Tiny Black Hole Passage Through a Human Body: A Physicist Quantifies teh Risks
A theoretical calculation reveals the potential, though remarkably unlikely, effects of a primordial black hole traversing the human body, ranging from undetectable passage to injury akin to a gunshot.
Vanderbilt University physicist Robert Scherrer has modeled the interaction between a human body and a primordial black hole – hypothetical,extremely small black holes formed in the early universe. The research, published in the International Journal of Modern Physics D, explores the consequences of such an event, finding that the outcome depends heavily on the black hole’s size. While larger primordial black holes (asteroid-sized or bigger) would inflict severe, possibly fatal, trauma, smaller ones might pass through unnoticed.

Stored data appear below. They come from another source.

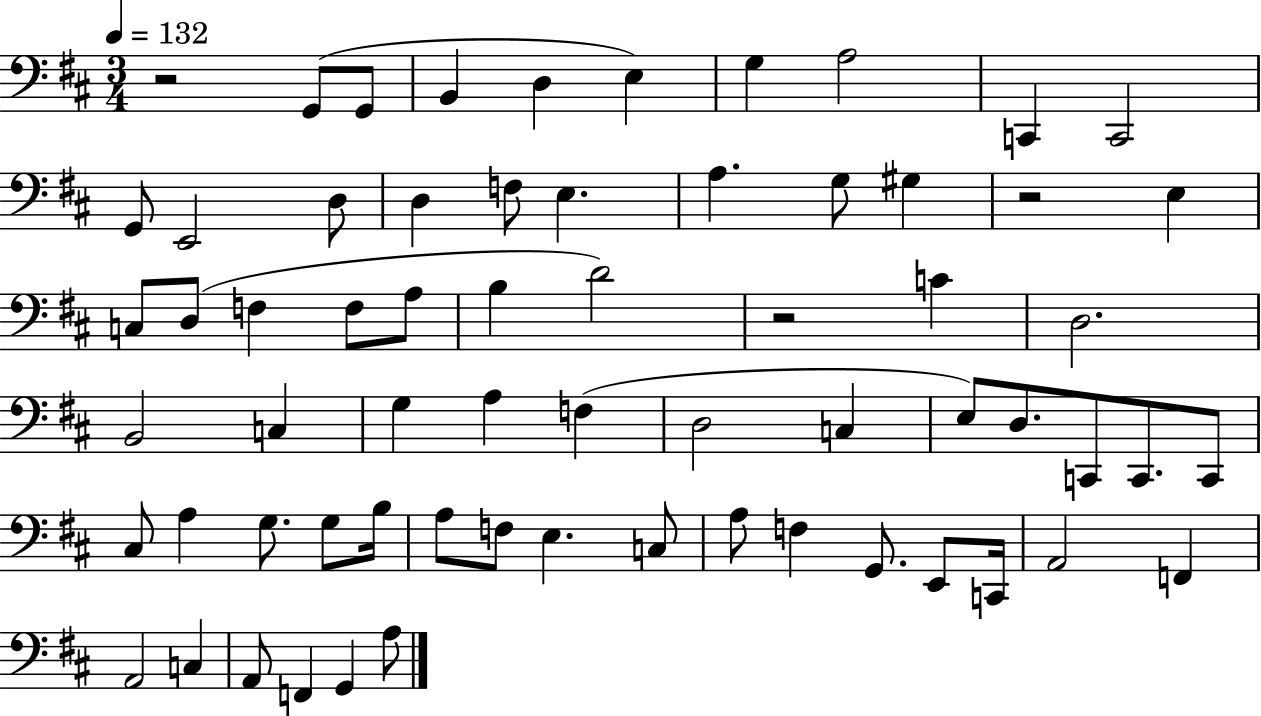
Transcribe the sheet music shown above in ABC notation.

X:1
T:Untitled
M:3/4
L:1/4
K:D
z2 G,,/2 G,,/2 B,, D, E, G, A,2 C,, C,,2 G,,/2 E,,2 D,/2 D, F,/2 E, A, G,/2 ^G, z2 E, C,/2 D,/2 F, F,/2 A,/2 B, D2 z2 C D,2 B,,2 C, G, A, F, D,2 C, E,/2 D,/2 C,,/2 C,,/2 C,,/2 ^C,/2 A, G,/2 G,/2 B,/4 A,/2 F,/2 E, C,/2 A,/2 F, G,,/2 E,,/2 C,,/4 A,,2 F,, A,,2 C, A,,/2 F,, G,, A,/2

Scherrer’s analysis indicates that a black hole large enough to cause significant damage would exert a gravitational force akin to a high-velocity projectile. “A sufficiently large primordial black hole… would cause serious injury or death if it passed through you. It would behave like a gunshot,” Scherrer explains. However, the threshold for “spaghettification” - the stretching and distortion of tissue due to extreme gravity – is surprisingly high. Only at a certain minimum mass would the black hole’s gravity be strong enough to cause substantial damage, and even then, the resulting supersonic wake could contribute significantly to any injury.
Despite the dramatic possibilities, the probability of such an encounter is vanishingly small. Scherrer estimates a human-black hole collision would occur roughly once every quintillion years – far exceeding the 13.8 billion-year age of the universe. Moreover, the existence of primordial black holes remains unconfirmed. “Primordial black holes are theoretically possible, but they might not even exist,” Scherrer states. Even if they do exist, their low density makes an encounter “essentially never going to happen.” Humanity is unlikely to be around long enough for such an event to occur, and the universe itself may not last that long.